* [Exercise objective]
Nothing but the pictures should be dropped; repeat the rest of the data below exactly.

* [Source data]
********************
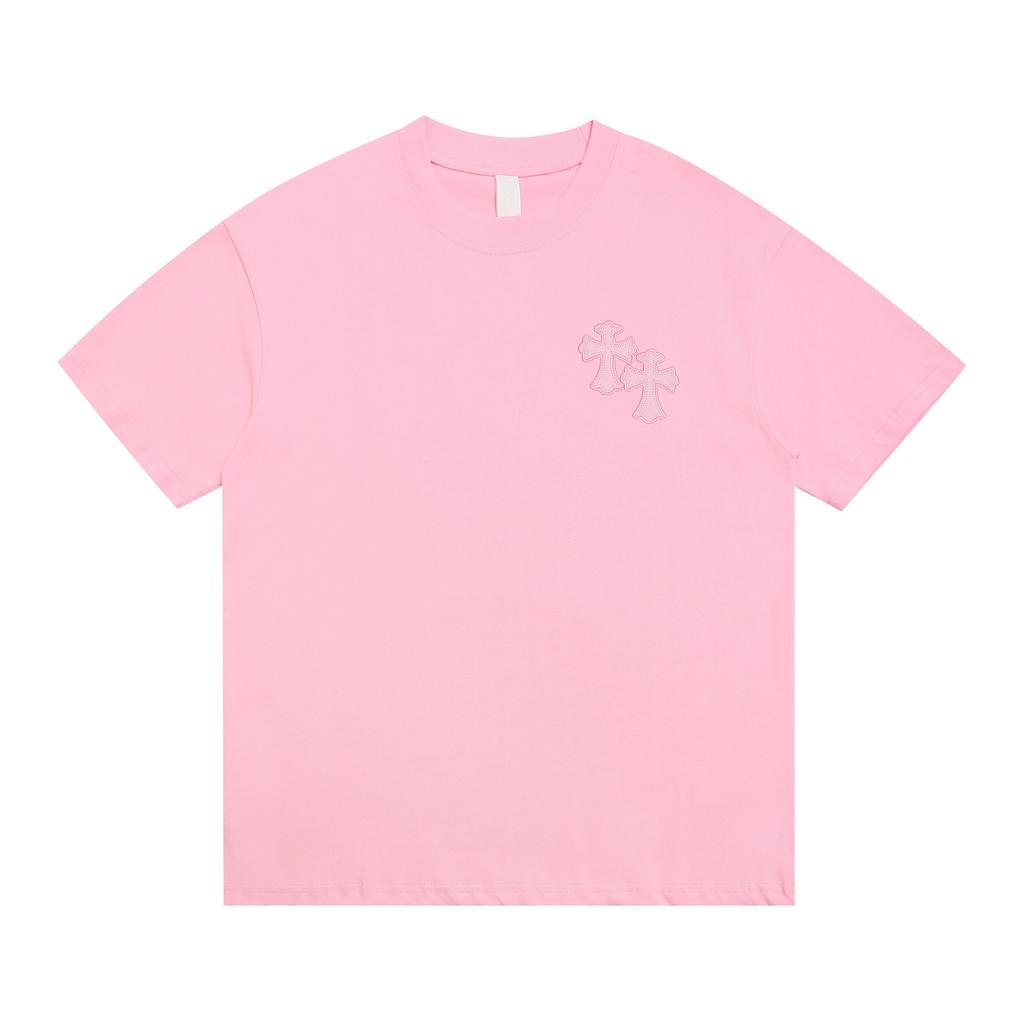 1975 CHROME HEARTS 2025 Summer New High Quality Cotton Round Neck Loose Large Size Men's and Women's T-shirt Couple T-shirt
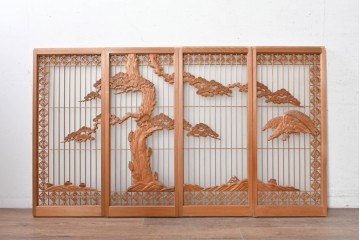 ヴィンテージ建具　昭和後期　片面ガラス　松鷹図の彫刻が圧巻の組子入り書院戸4枚セット　(R-090647)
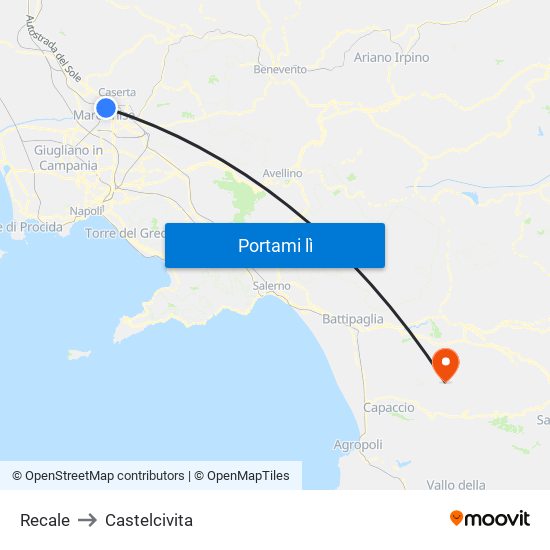 Recale to Castelcivita map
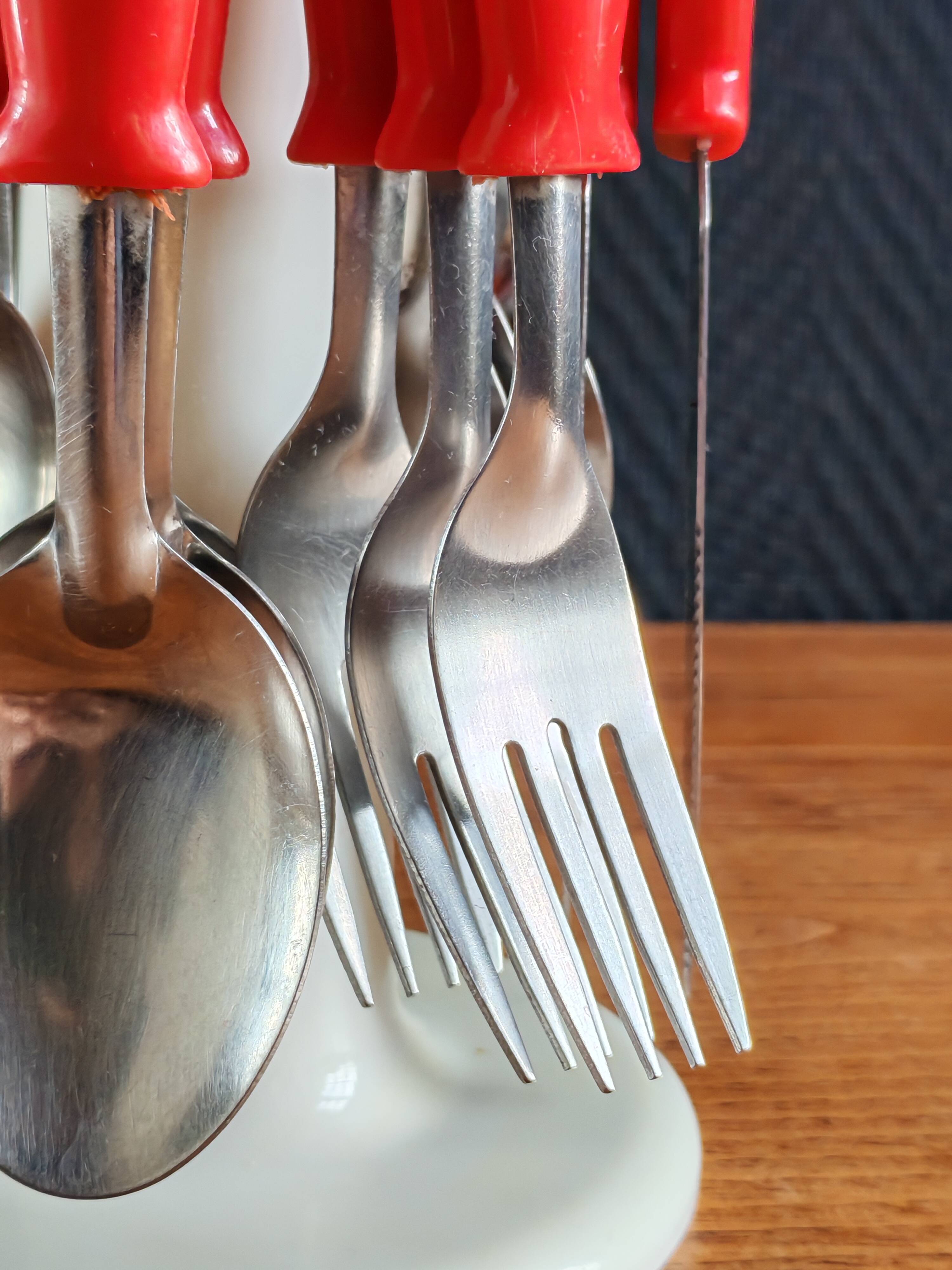 Vintage Pop Art Cutlery Set 1970s - 24 Pieces with Red Handles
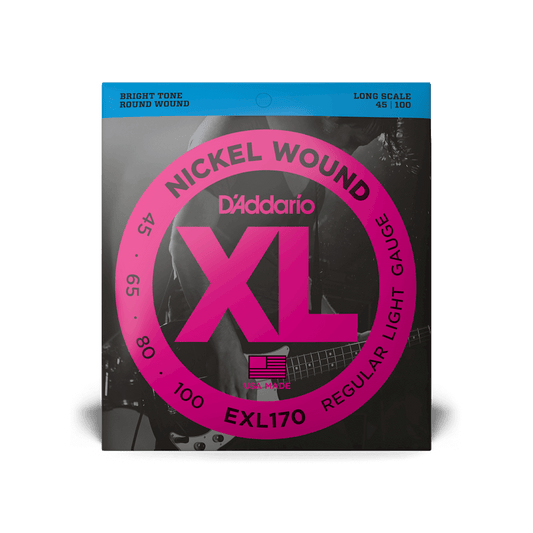 D'Addario EXL170 Nickel Wound Bass, Light, 45-100, Long Scale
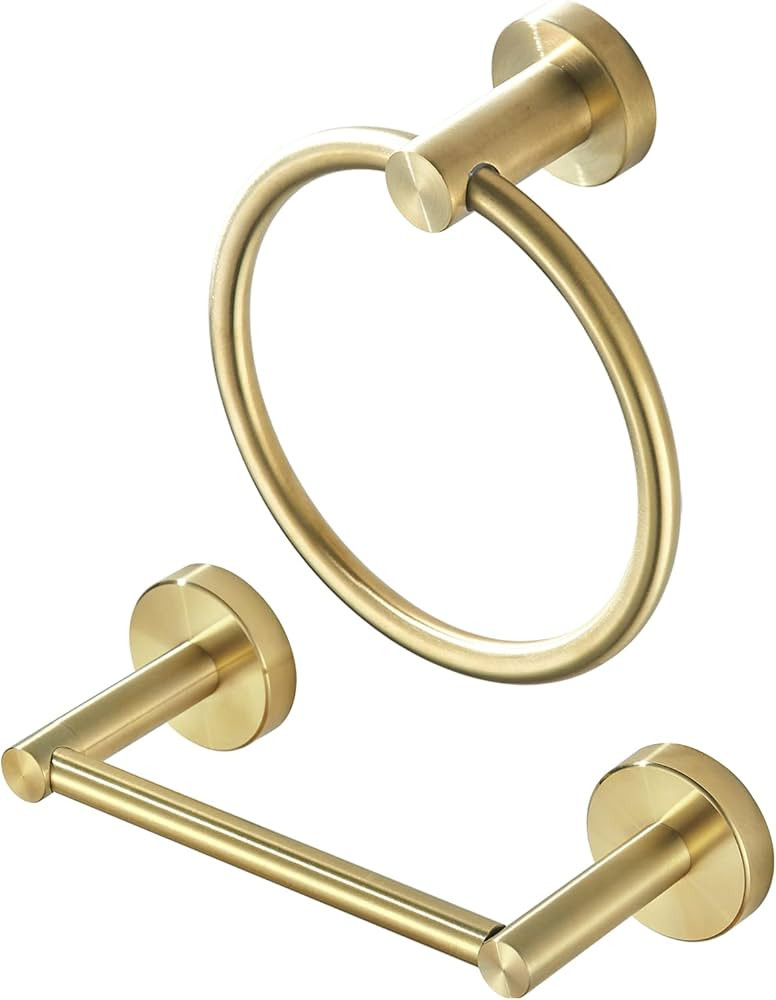 Gold Toilet Paper Holder Towel Ring, Brushed Gold Bathroom Accessories Hand Towel Holder Wall Mou... | Amazon (US)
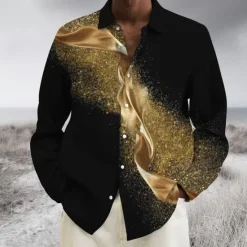 Sale OUKU Men's Gradient Geometric Pattern Shirt Button Up Shirt Long Sleeve Fashion Designer Casual Outdoor Casual Holiday Fall & Winter Turndown Print Button-Down Silver Yellow Red Blue Gold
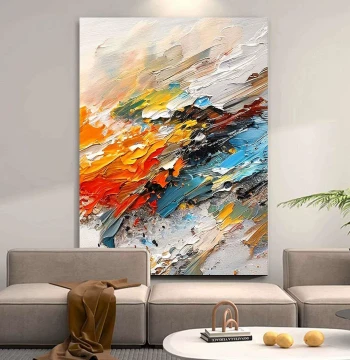 Pure Hand-Painted Oil Painting Knife Painting Living Room Premium Decorative Art Entryway Abstract Art Sofa Large Textured Wall Hanging
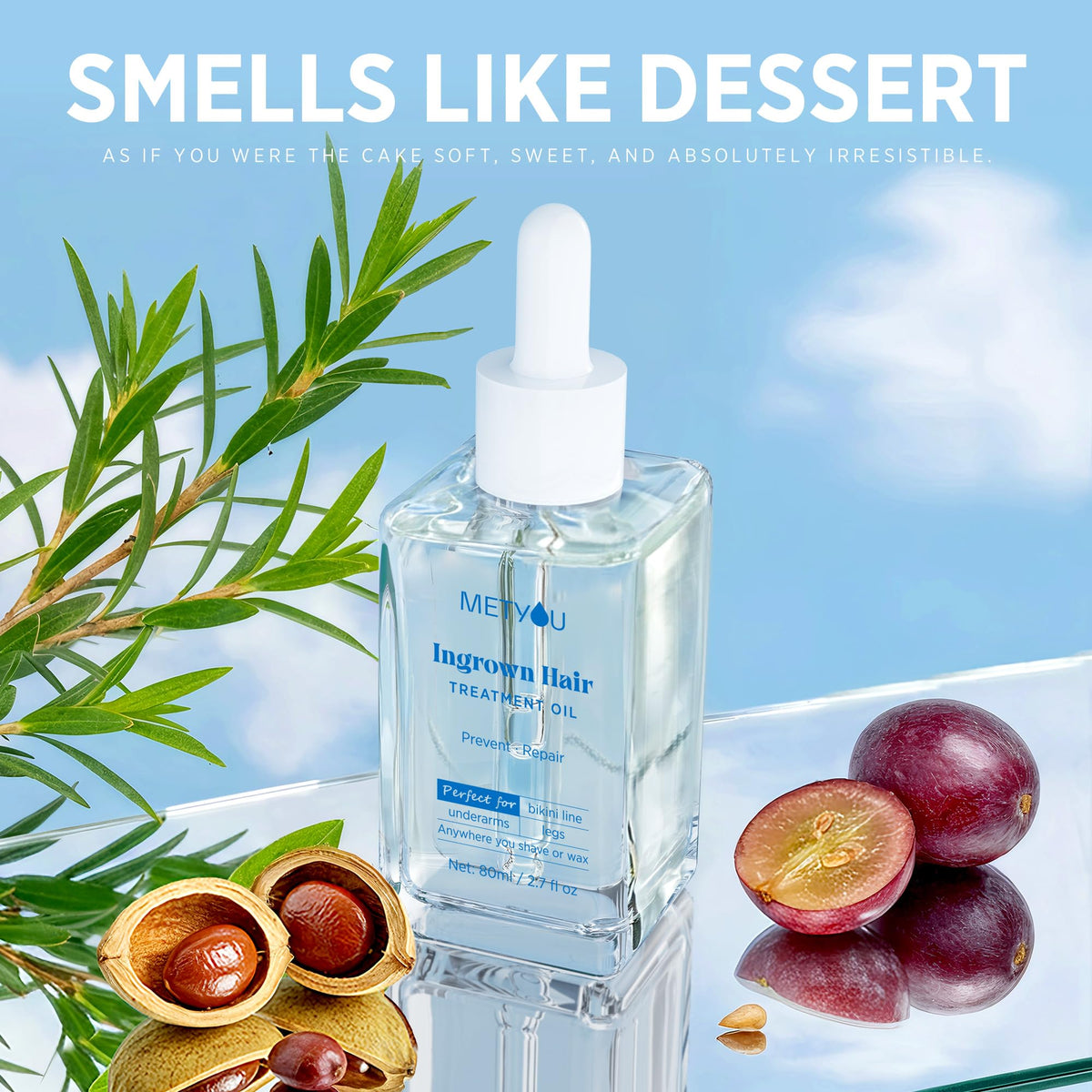 METYOU oil on skin close-up showing lightweight texture and fast absorption benefit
********************
* [Written answer]
 1975 CHROME HEARTS 2025 Summer New High Quality Cotton Round Neck Loose Large Size Men's and Women's T-shirt Couple T-shirt
 ヴィンテージ建具　昭和後期　片面ガラス　松鷹図の彫刻が圧巻の組子入り書院戸4枚セット　(R-090647)
 Recale to Castelcivita map
 Vintage Pop Art Cutlery Set 1970s - 24 Pieces with Red Handles
 D'Addario EXL170 Nickel Wound Bass, Light, 45-100, Long Scale
 Gold Toilet Paper Holder Towel Ring, Brushed Gold Bathroom Accessories Hand Towel Holder Wall Mou... | Amazon (US)
 Sale OUKU Men's Gradient Geometric Pattern Shirt Button Up Shirt Long Sleeve Fashion Designer Casual Outdoor Casual Holiday Fall & Winter Turndown Print Button-Down Silver Yellow Red Blue Gold
 Pure Hand-Painted Oil Painting Knife Painting Living Room Premium Decorative Art Entryway Abstract Art Sofa Large Textured Wall Hanging
 METYOU oil on skin close-up showing lightweight texture and fast absorption benefit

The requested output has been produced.